* _Recorded information_
=-=-=

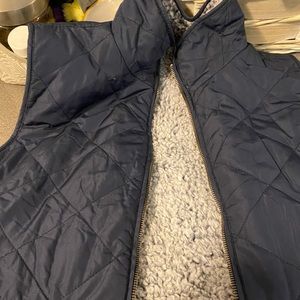 Thread and Supply Fleece Vest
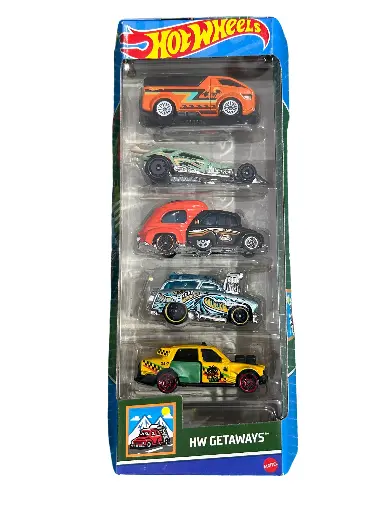HOT WHEELS GETAWAYS
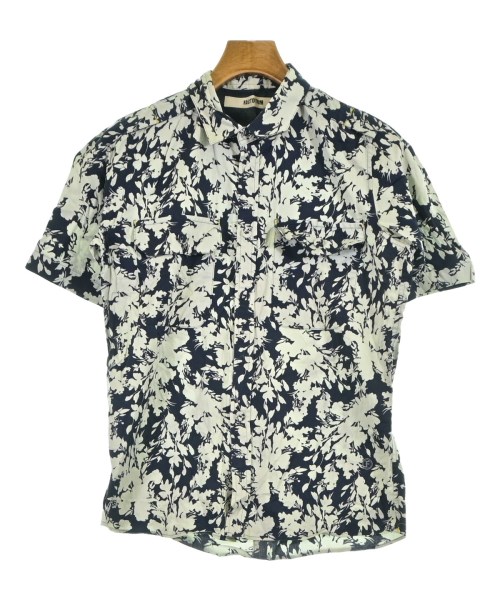 FACTOTUM(ファクトタム)カジュアルシャツ 紺 サイズ:46(M位)/2200638699340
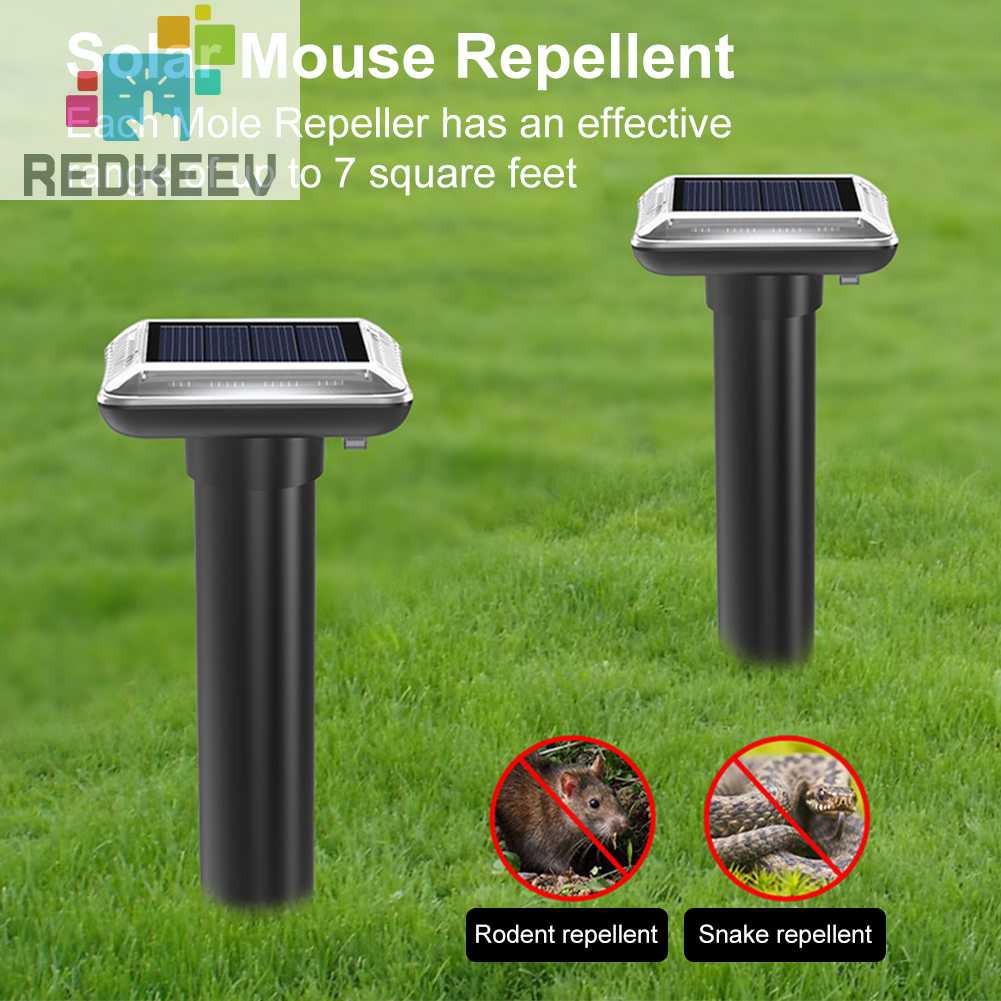 1 / 2 Thiết Bị Đuổi Côn Trùng Chống Nước IP66 Dùng Ngoài Trời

=-=-=

* _Task requirements_
Without the pictures, repeat every line of the material above exactly.

* _Solution for this problem_
 Thread and Supply Fleece Vest
HOT WHEELS GETAWAYS
 FACTOTUM(ファクトタム)カジュアルシャツ 紺 サイズ:46(M位)/2200638699340
 1 / 2 Thiết Bị Đuổi Côn Trùng Chống Nước IP66 Dùng Ngoài Trời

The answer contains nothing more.